Run the following command to request the model directly from your terminal using the AWS Command Line Interface (AWS CLI) and InvokeModel API:

aws bedrock-runtime invoke-model  
 --model-id nvidia.nemotron-super-3-120b  
 --region us-west-2  
 --body '{"messages": [{"role": "user", "content": "Type_Your_Prompt_Here"}], "max_tokens": 512, "temperature": 0.5, "top_p": 0.9}'  
 --cli-binary-format raw-in-base64-out  
invoke-model-output.txt

If you want to invoke the model with the AWS SDK for Python (Boto3), use the following script to send information to the model, this time using the Converse API:

import boto3 
from botocore.exceptions import ClientError 

# Create a Bedrock Runtime client in the AWS Region you want to use. 
client = boto3.client("bedrock-runtime", region_name="us-west-2") 

# Set the model ID
model_id = "nvidia.nemotron-super-3-120b" 

# Start a conversation with the user message. 

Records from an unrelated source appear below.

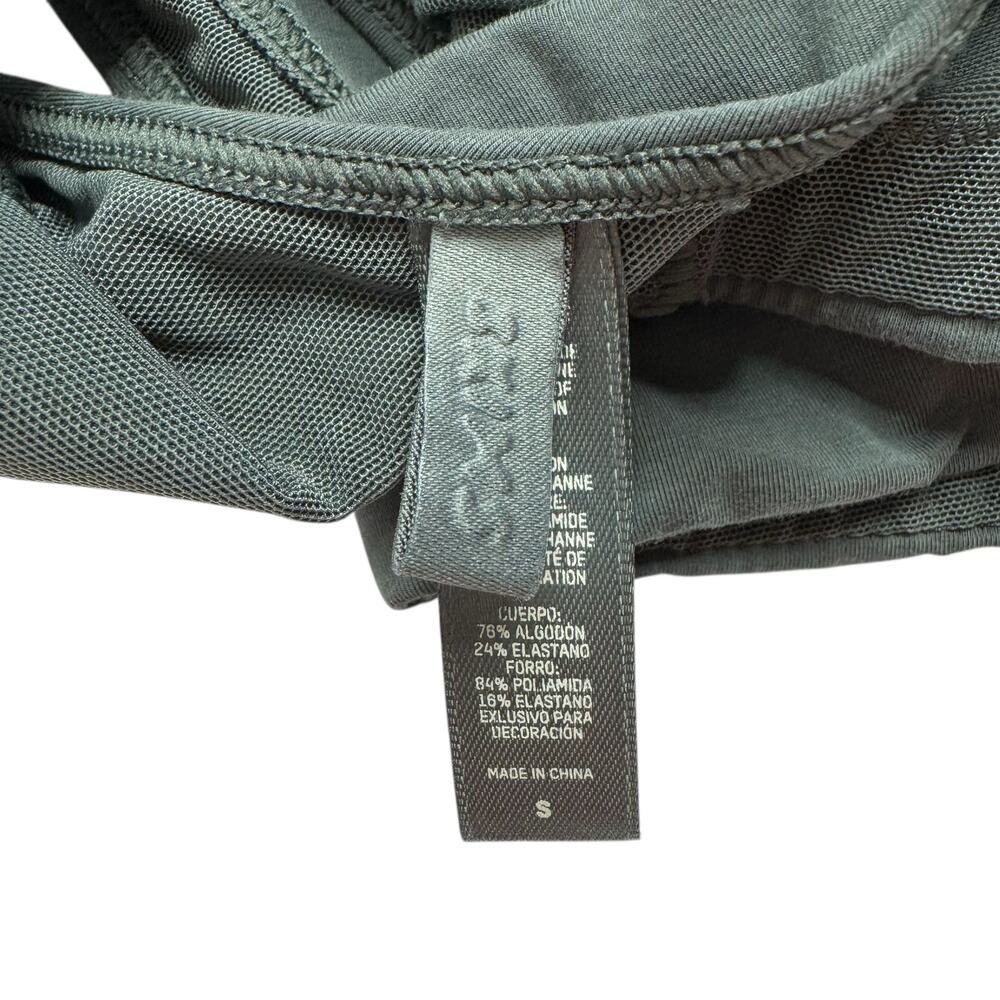 SKIMS Cotton Jersey Scoop Bralette in Evergreen Size Small Womens Lounge - Picture 3 of 4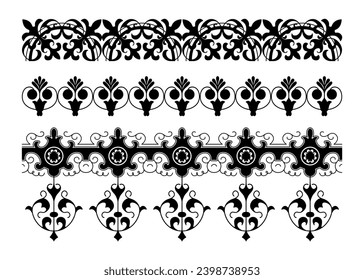 Collection of victorian ornamental brushes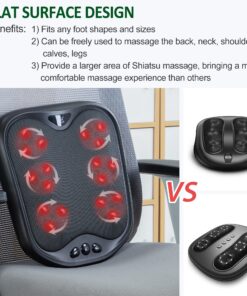 Snailax Shiatsu Foot Massager with Heat- Washable Cover Kneading Foot & Back Massager, Memory Foam Massage Seat Cushion - Back Massager with Heat 12 91mIUIwP5WL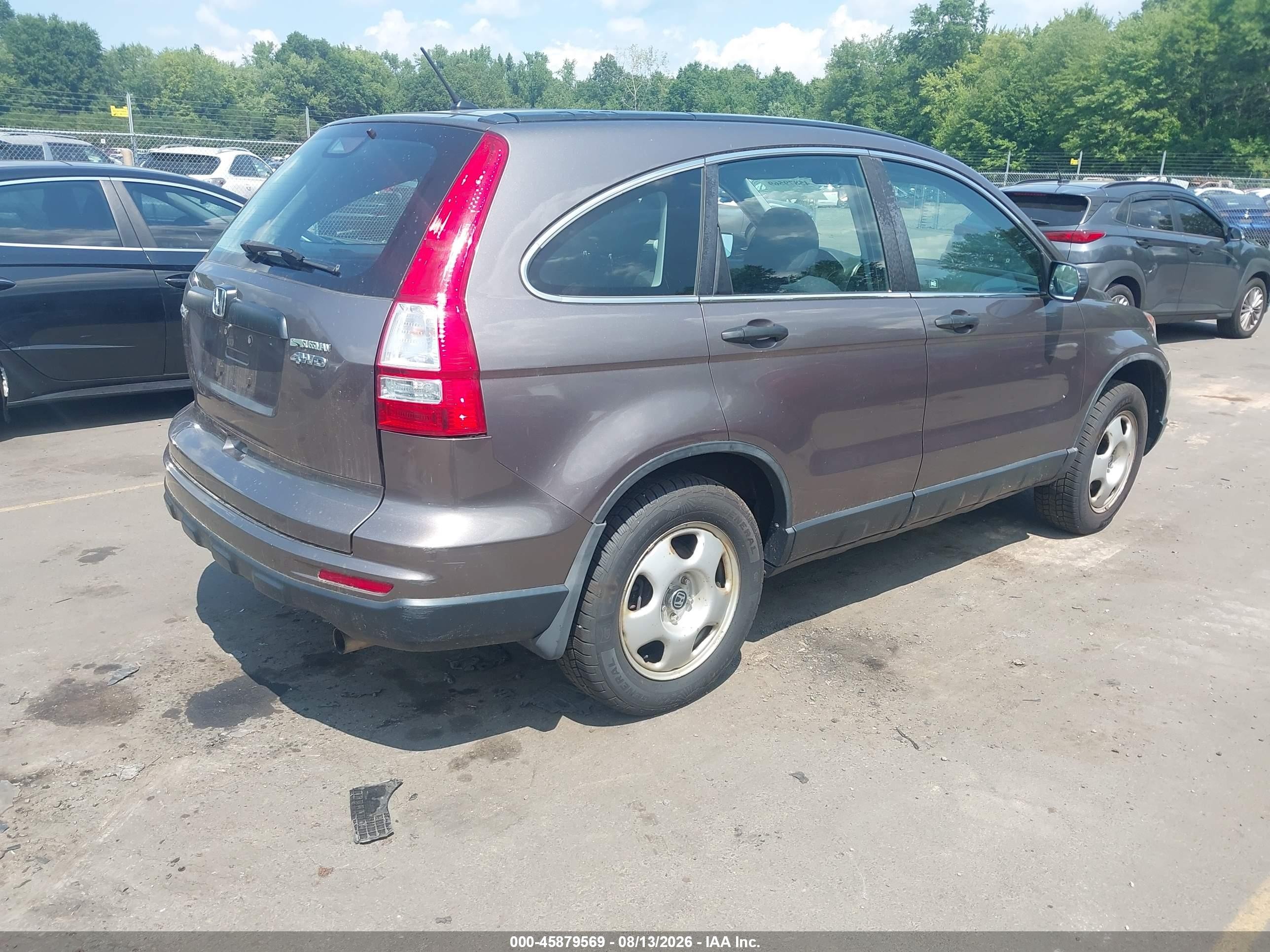 2011 Honda Cr-v Lx Dark Brown vin: 5J6RE4H3XBL021321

user_message = "Type_Your_Prompt_Here" 
conversation = [ 
   { 
       "role": "user", 

       "content": [{"text": user_message}], 
   } 
]  

try: 
   # Send the message to the model using a basic inference configuration. 
   response = client.converse( 
        modelId=model_id, 

       messages=conversation, 
        inferenceConfig={"maxTokens": 512, "temperature": 0.5, "topP": 0.9}, 
   ) 
 
   # Extract and print the response text. 
    response_text = response["output"]["message"]["content"][0]["text"] 
   print(response_text)

except (ClientError, Exception) as e: 
    print(f"ERROR: Can't invoke '{model_id}'. Reason: {e}") 
    exit(1)

To invoke the model with the Amazon Bedrock OpenAI-compatible ChatCompletions endpoint you can proceed as follows using the OpenAI SDK:

# Import OpenAI SDK
from openai import OpenAI

# Set environment variables
os.environ["OPENAI_API_KEY"] = ""
os.environ["OPENAI_BASE_URL"] = "https://bedrock-runtime..amazon.com/openai/v1"

# Set the model ID
model_id = "nvidia.nemotron-super-3-120b"

# Set prompts
system_prompt = “Type_Your_System_Prompt_Here”
user_message = "Type_Your_User_Prompt_Here"


# Use ChatCompletionsAPI
response = client.chat.completions.create(
    model= model _ID,                 
    messages=[
        {"role": "system", "content": system_prompt},
        {"role": "user",   "content": user_message}
    ],
    temperature=0,
    max_completion_tokens=1000
)
 
# Extract and print the response text
print(response.choices[0].message.content)

The conclusion

In this post, we showed you how to get started with NVIDIA Nemotron 3 Super on Amazon Bedrock to build the next generation of AI applications. By combining the Hybrid Transformer-Mamba model's advanced architecture and Latent MoE with Amazon Bedrock's fully managed, serverless infrastructure, organizations can now deploy logical and efficient applications at scale without the heavy lifting of backend management. Ready to see what this model can do for your specific workflow?

Try it now: Head over to the Amazon Bedrock Console to try out the NVIDIA Nemotron 3 Super in a simulated gaming environment.
Build: Check out the AWS SDK to integrate Nemotron 3 Super into your existing AI productivity pipelines.